### WORK INSTRUCTION
Please write out the listing again, keeping every character the same.

START GIVEN RECORDS

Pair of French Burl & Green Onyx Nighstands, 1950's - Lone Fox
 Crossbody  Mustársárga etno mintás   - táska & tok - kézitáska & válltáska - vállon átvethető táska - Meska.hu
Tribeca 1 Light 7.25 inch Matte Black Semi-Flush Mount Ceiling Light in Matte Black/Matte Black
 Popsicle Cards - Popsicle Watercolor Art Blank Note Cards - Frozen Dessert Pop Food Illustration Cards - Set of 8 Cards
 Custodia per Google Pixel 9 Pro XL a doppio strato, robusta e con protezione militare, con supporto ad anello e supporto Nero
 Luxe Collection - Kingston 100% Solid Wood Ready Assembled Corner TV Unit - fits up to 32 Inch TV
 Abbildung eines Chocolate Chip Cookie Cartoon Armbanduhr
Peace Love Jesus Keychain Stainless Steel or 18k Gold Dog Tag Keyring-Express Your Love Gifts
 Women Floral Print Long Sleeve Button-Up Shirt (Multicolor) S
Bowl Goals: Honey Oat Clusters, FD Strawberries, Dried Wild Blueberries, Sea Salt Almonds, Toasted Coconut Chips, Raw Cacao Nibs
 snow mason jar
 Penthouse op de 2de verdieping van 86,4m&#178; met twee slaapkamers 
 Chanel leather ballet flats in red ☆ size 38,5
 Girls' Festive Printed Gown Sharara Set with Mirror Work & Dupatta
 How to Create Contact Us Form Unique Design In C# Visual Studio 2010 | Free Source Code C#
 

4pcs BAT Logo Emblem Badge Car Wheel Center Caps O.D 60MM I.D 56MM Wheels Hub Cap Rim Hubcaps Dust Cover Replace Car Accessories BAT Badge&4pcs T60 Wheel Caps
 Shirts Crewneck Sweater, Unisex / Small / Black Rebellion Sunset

END GIVEN RECORDS

### THE COMPLETED TASK
Pair of French Burl & Green Onyx Nighstands, 1950's - Lone Fox
 Crossbody  Mustársárga etno mintás   - táska & tok - kézitáska & válltáska - vállon átvethető táska - Meska.hu
Tribeca 1 Light 7.25 inch Matte Black Semi-Flush Mount Ceiling Light in Matte Black/Matte Black
 Popsicle Cards - Popsicle Watercolor Art Blank Note Cards - Frozen Dessert Pop Food Illustration Cards - Set of 8 Cards
 Custodia per Google Pixel 9 Pro XL a doppio strato, robusta e con protezione militare, con supporto ad anello e supporto Nero
 Luxe Collection - Kingston 100% Solid Wood Ready Assembled Corner TV Unit - fits up to 32 Inch TV
 Abbildung eines Chocolate Chip Cookie Cartoon Armbanduhr
Peace Love Jesus Keychain Stainless Steel or 18k Gold Dog Tag Keyring-Express Your Love Gifts
 Women Floral Print Long Sleeve Button-Up Shirt (Multicolor) S
Bowl Goals: Honey Oat Clusters, FD Strawberries, Dried Wild Blueberries, Sea Salt Almonds, Toasted Coconut Chips, Raw Cacao Nibs
 snow mason jar
 Penthouse op de 2de verdieping van 86,4m&#178; met twee slaapkamers 
 Chanel leather ballet flats in red ☆ size 38,5
 Girls' Festive Printed Gown Sharara Set with Mirror Work & Dupatta
 How to Create Contact Us Form Unique Design In C# Visual Studio 2010 | Free Source Code C#
 

4pcs BAT Logo Emblem Badge Car Wheel Center Caps O.D 60MM I.D 56MM Wheels Hub Cap Rim Hubcaps Dust Cover Replace Car Accessories BAT Badge&4pcs T60 Wheel Caps
 Shirts Crewneck Sweater, Unisex / Small / Black Rebellion Sunset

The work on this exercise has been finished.